What is required - Copy, without a single change, each line from the one that holds "-乐班 Le'ban(凯德新地城店)" to the bottom of the entries below, and drop any pictures.

Data listing START

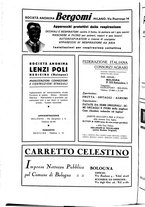 giornale/CFI0424643/1933/unico/00000562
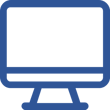 Monitor Monitor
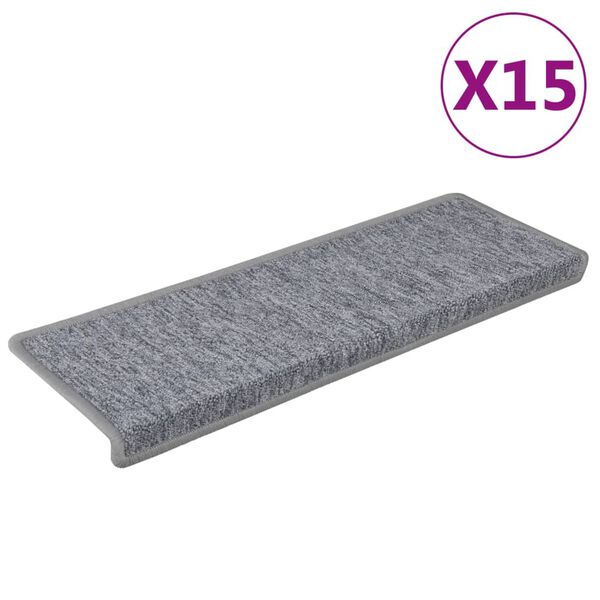 1 / 9. term&eacute;kk&eacute;p megjelen&iacute;t&eacute;se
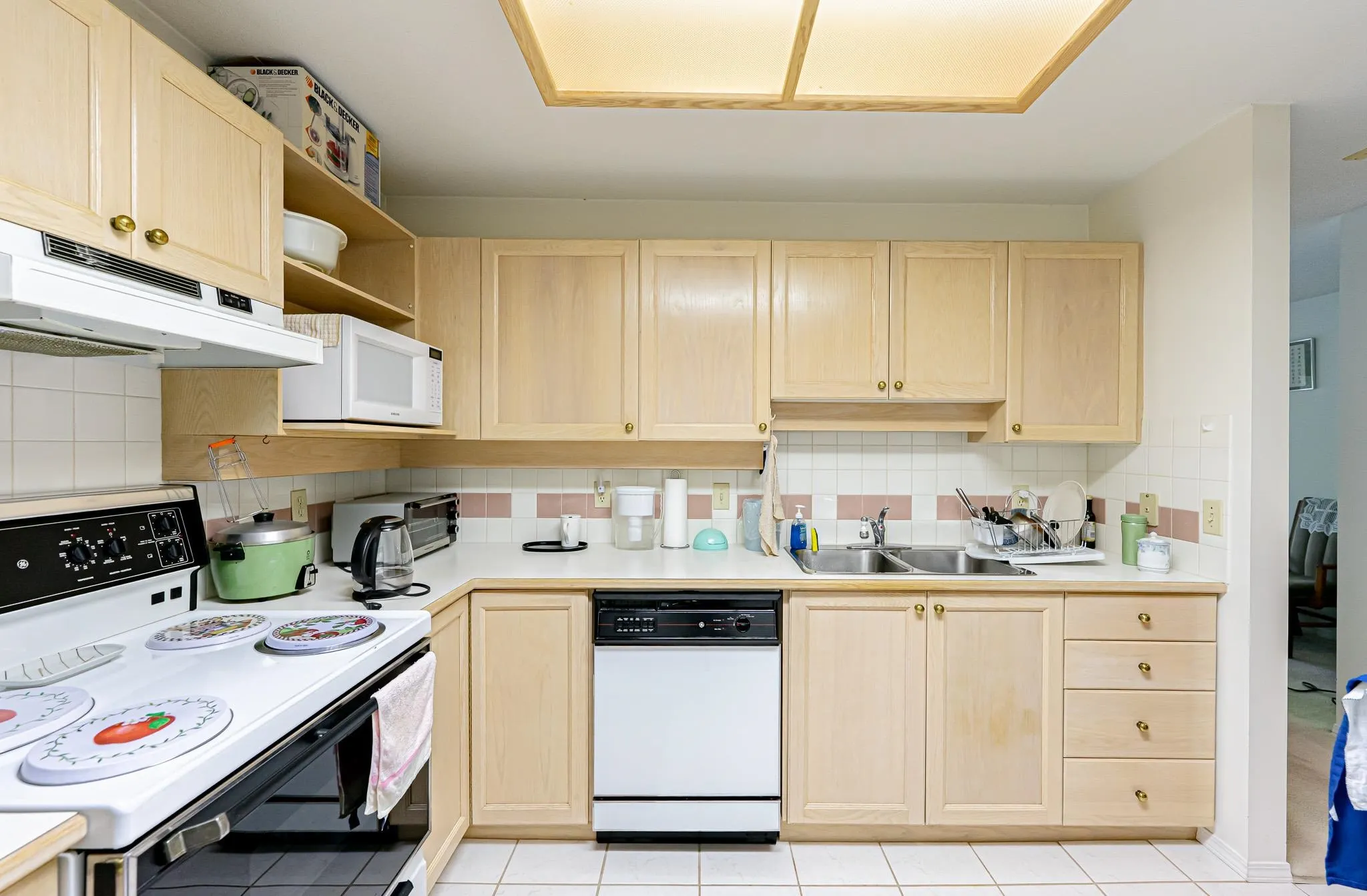 310 6737 Station Hill Court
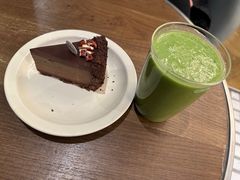 -乐班 Le'ban(凯德新地城店)
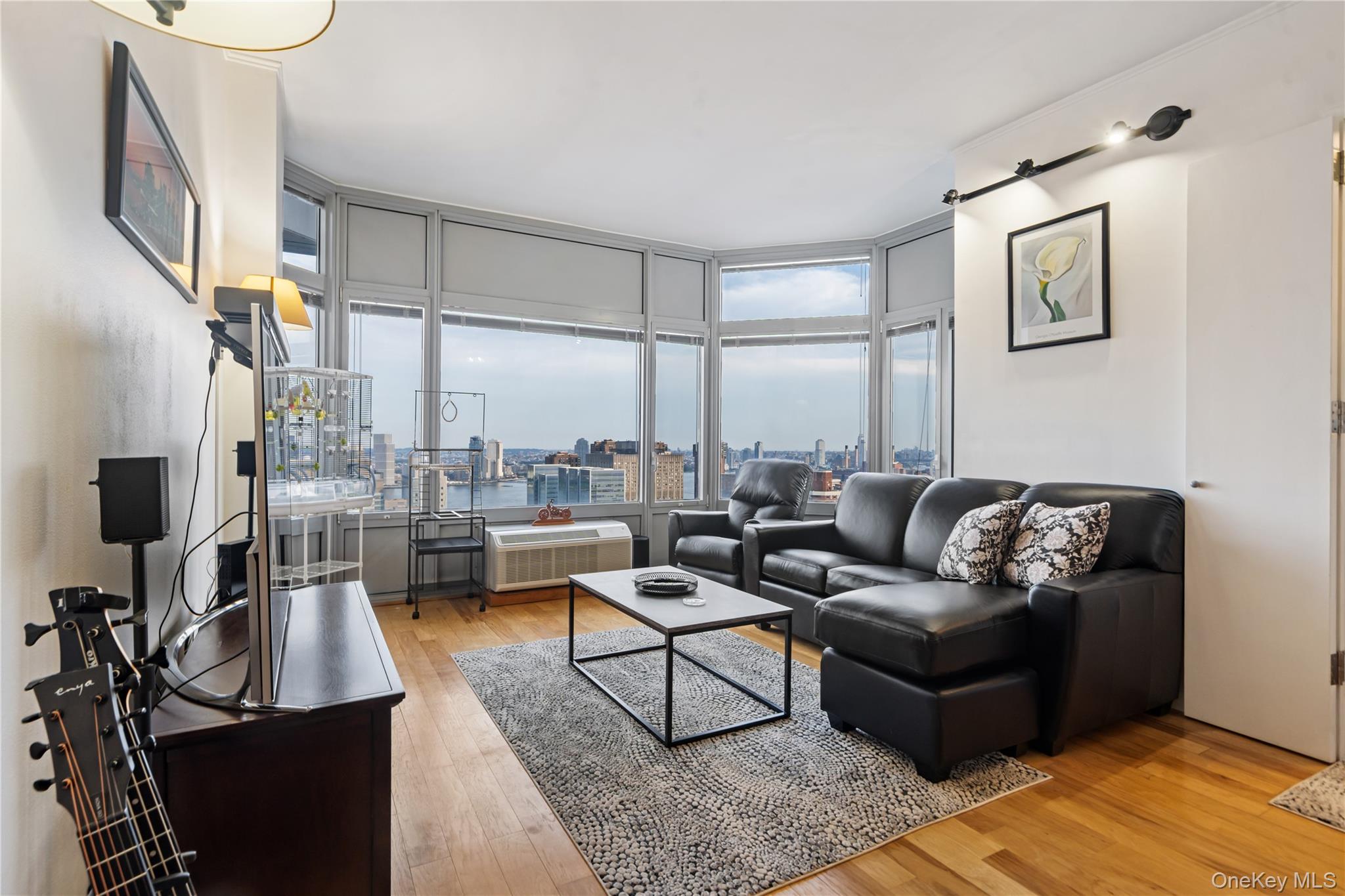 #6 photo, 200 E 32nd Street, マンハッタン New York (Manhattan) , NY 10016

Data listing END

Finished task -
 -乐班 Le'ban(凯德新地城店)
 #6 photo, 200 E 32nd Street, マンハッタン New York (Manhattan) , NY 10016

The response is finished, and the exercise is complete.